(ACTIVITY)
Reproduce exactly the line with "SIMMI Black Eden Loafer Womens Flats" and every line that follows it below, up to and including the last one. Do not include pictures or anything else.
AVAILABLE RECORDS section start
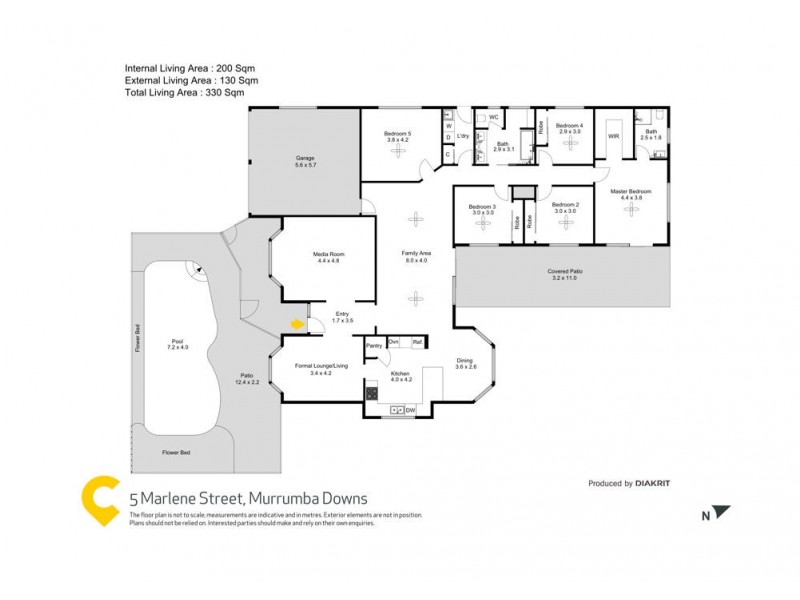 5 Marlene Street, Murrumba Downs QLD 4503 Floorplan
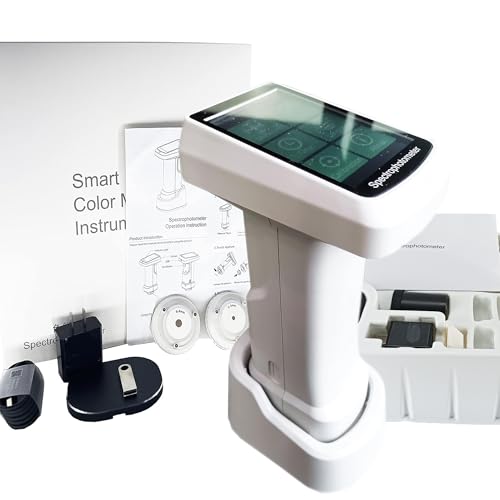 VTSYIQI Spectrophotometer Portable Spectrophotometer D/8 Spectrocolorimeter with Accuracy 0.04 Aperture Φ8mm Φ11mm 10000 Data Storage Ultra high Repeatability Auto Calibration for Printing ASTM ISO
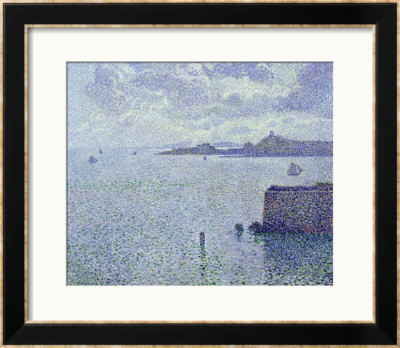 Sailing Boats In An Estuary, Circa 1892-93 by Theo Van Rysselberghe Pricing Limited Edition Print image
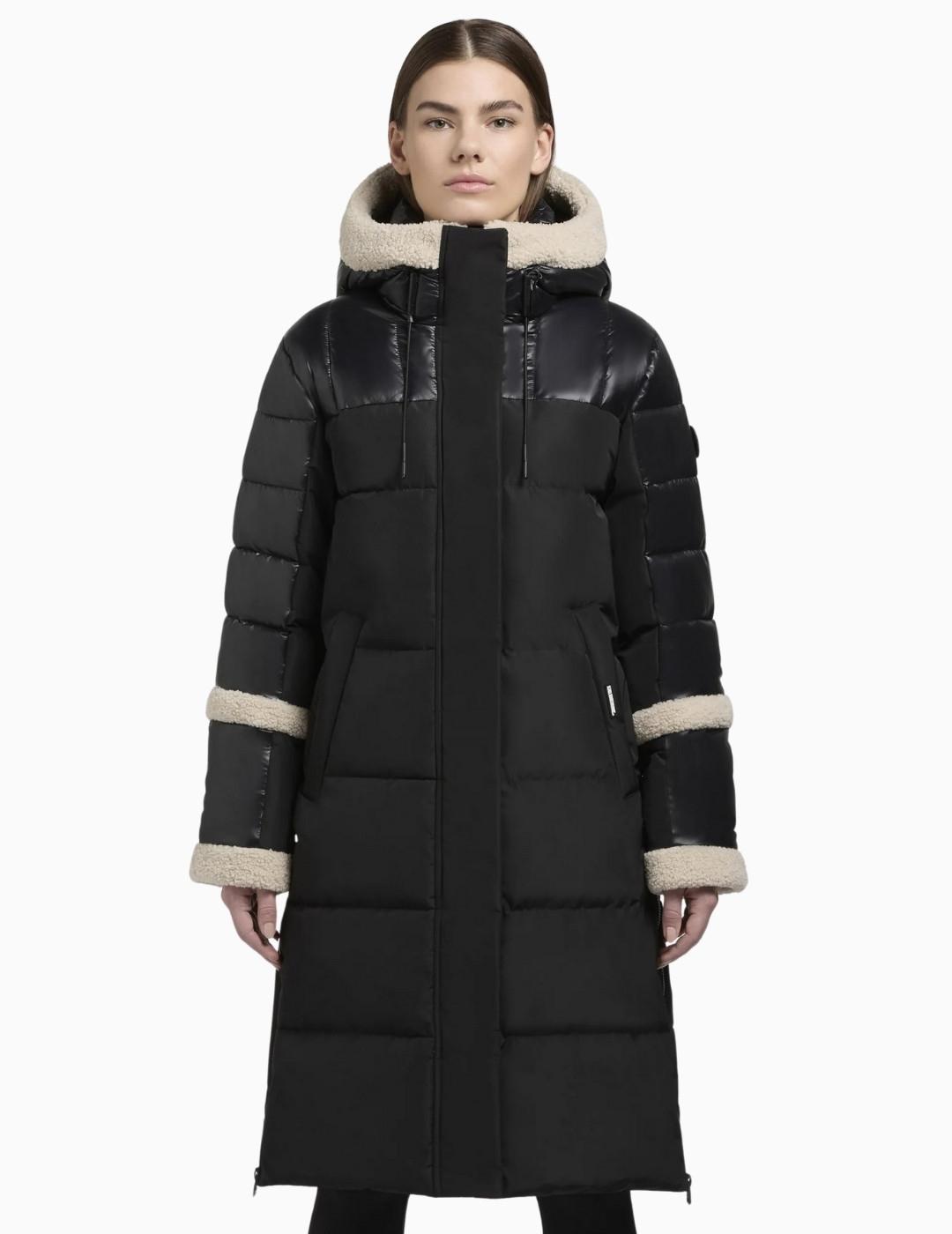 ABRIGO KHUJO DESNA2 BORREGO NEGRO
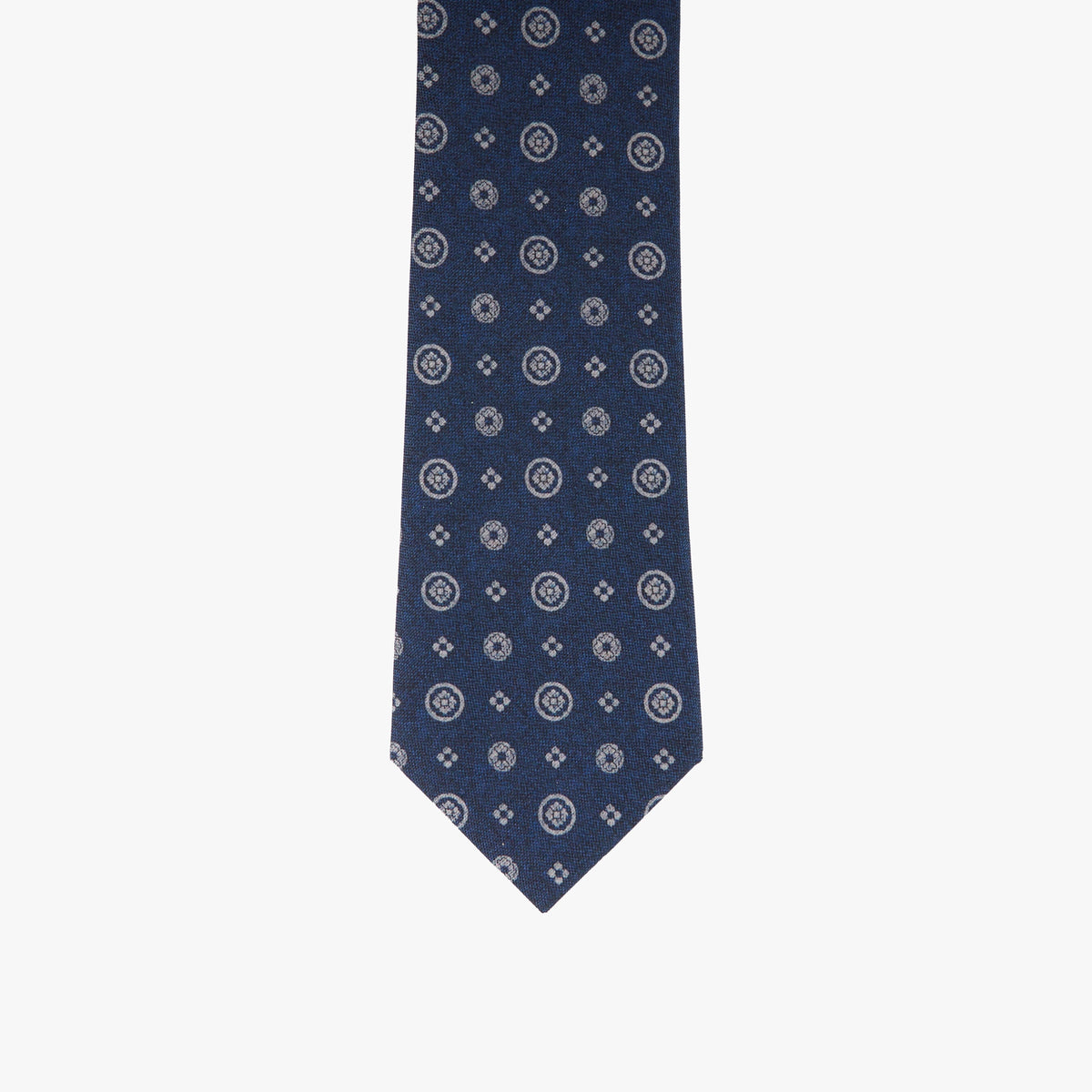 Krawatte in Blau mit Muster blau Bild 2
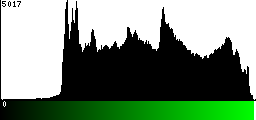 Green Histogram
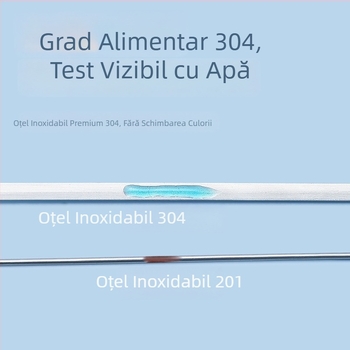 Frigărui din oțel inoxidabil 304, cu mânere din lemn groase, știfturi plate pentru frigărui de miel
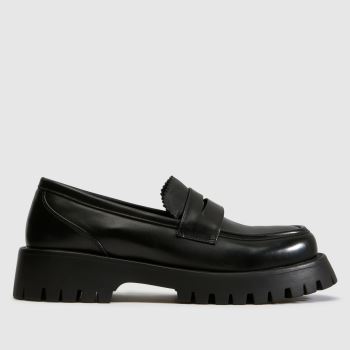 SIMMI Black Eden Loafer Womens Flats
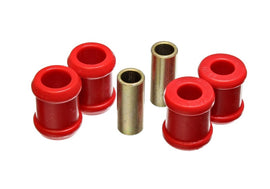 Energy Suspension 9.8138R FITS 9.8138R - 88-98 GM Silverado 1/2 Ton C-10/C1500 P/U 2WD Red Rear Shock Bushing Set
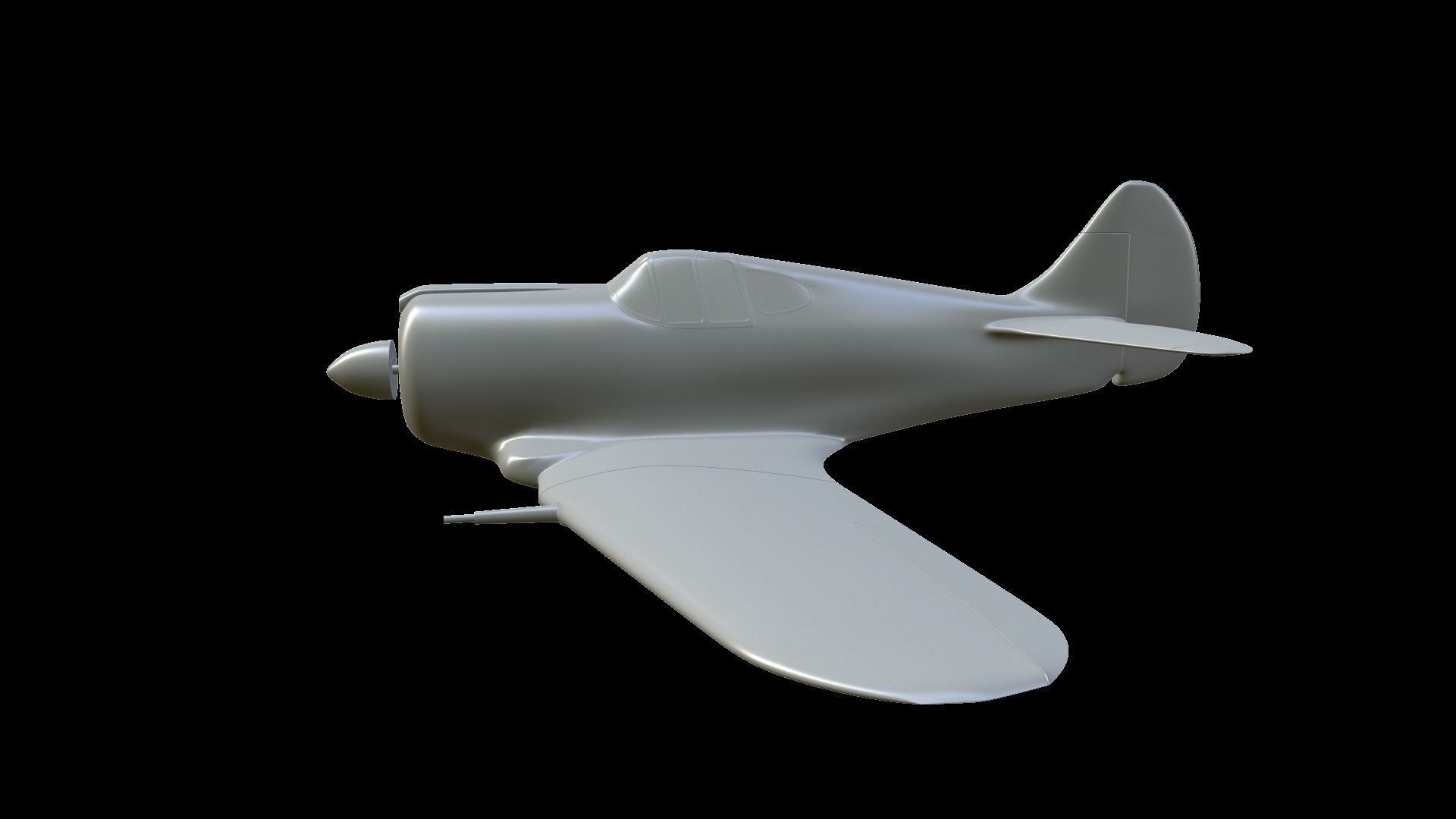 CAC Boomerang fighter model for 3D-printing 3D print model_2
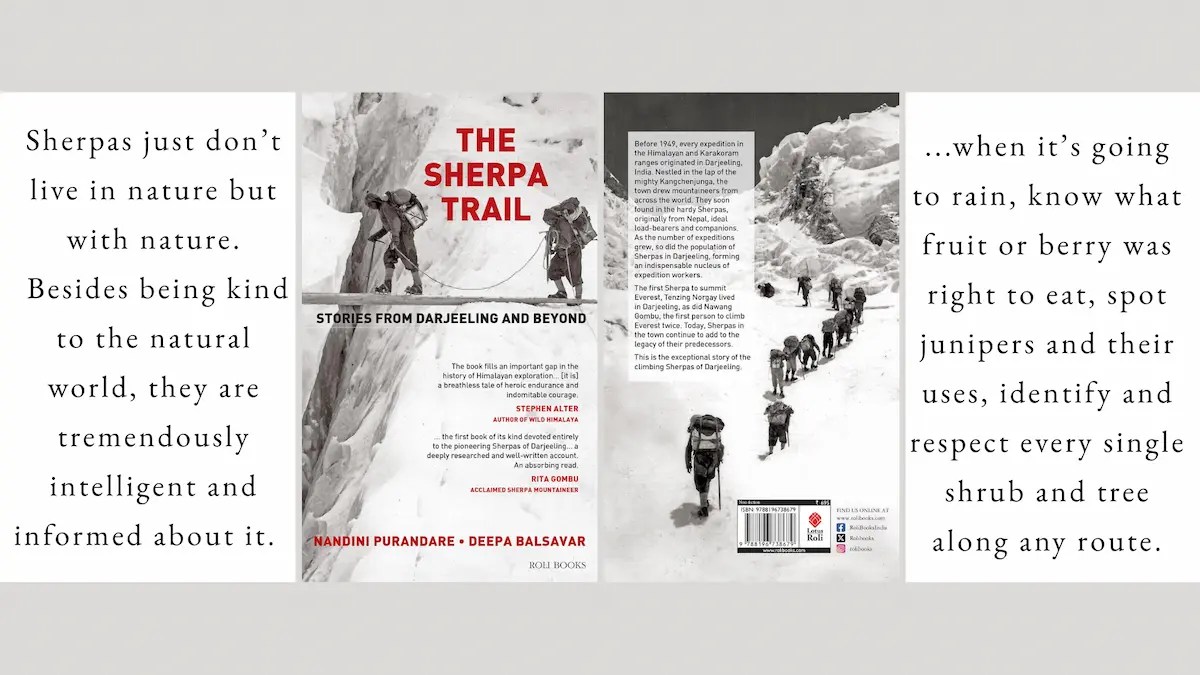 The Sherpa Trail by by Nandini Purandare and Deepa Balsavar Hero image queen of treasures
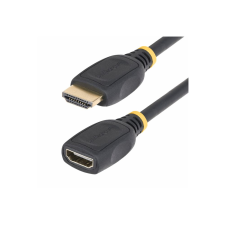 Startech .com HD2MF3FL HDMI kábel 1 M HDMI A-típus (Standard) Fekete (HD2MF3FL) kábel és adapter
AVAILABLE RECORDS section end
(YOUR SOLUTION)
 SIMMI Black Eden Loafer Womens Flats
 Energy Suspension 9.8138R FITS 9.8138R - 88-98 GM Silverado 1/2 Ton C-10/C1500 P/U 2WD Red Rear Shock Bushing Set
 CAC Boomerang fighter model for 3D-printing 3D print model_2
 The Sherpa Trail by by Nandini Purandare and Deepa Balsavar Hero image queen of treasures
 Startech .com HD2MF3FL HDMI kábel 1 M HDMI A-típus (Standard) Fekete (HD2MF3FL) kábel és adapter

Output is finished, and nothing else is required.